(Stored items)
=======

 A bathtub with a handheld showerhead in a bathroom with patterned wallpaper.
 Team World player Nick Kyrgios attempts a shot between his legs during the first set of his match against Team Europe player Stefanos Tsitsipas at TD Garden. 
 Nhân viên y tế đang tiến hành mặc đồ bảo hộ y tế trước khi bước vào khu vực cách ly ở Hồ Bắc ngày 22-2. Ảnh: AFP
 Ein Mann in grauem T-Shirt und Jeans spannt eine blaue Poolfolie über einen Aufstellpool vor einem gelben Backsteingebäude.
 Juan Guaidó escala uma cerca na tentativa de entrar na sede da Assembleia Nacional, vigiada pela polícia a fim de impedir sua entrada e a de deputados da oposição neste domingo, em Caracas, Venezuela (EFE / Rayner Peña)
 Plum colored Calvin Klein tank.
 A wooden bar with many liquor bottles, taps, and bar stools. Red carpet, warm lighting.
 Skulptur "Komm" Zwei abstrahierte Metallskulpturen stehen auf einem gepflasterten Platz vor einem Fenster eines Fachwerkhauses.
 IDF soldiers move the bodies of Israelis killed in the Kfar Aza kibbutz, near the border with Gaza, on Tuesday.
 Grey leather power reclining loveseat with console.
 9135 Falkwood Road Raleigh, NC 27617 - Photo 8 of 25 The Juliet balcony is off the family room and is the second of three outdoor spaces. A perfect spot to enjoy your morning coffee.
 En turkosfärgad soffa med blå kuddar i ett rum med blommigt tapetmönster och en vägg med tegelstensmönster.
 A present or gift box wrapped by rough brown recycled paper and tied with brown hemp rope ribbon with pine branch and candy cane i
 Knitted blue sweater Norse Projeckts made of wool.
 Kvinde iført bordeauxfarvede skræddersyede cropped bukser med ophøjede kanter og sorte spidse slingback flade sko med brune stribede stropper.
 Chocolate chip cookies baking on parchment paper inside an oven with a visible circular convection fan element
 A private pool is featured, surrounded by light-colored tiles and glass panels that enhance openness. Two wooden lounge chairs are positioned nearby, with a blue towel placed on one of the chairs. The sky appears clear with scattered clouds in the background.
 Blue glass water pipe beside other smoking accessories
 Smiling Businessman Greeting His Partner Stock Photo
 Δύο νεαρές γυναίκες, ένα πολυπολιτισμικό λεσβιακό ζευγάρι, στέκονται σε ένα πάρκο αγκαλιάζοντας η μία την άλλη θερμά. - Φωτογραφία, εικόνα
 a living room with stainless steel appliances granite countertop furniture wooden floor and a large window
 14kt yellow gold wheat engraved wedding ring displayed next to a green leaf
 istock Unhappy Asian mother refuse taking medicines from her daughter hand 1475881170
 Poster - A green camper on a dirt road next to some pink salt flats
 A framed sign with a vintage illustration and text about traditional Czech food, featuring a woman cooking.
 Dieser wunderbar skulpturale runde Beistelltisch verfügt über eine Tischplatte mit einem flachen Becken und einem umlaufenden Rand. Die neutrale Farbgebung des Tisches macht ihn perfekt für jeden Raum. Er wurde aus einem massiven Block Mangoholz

=======

After locating the line containing "A private pool", write out that line and all remaining lines of the records exactly, with nothing added.

◆ **Finished task**
 A private pool is featured, surrounded by light-colored tiles and glass panels that enhance openness. Two wooden lounge chairs are positioned nearby, with a blue towel placed on one of the chairs. The sky appears clear with scattered clouds in the background.
 Blue glass water pipe beside other smoking accessories
 Smiling Businessman Greeting His Partner Stock Photo
 Δύο νεαρές γυναίκες, ένα πολυπολιτισμικό λεσβιακό ζευγάρι, στέκονται σε ένα πάρκο αγκαλιάζοντας η μία την άλλη θερμά. - Φωτογραφία, εικόνα
 a living room with stainless steel appliances granite countertop furniture wooden floor and a large window
 14kt yellow gold wheat engraved wedding ring displayed next to a green leaf
 istock Unhappy Asian mother refuse taking medicines from her daughter hand 1475881170
 Poster - A green camper on a dirt road next to some pink salt flats
 A framed sign with a vintage illustration and text about traditional Czech food, featuring a woman cooking.
 Dieser wunderbar skulpturale runde Beistelltisch verfügt über eine Tischplatte mit einem flachen Becken und einem umlaufenden Rand. Die neutrale Farbgebung des Tisches macht ihn perfekt für jeden Raum. Er wurde aus einem massiven Block Mangoholz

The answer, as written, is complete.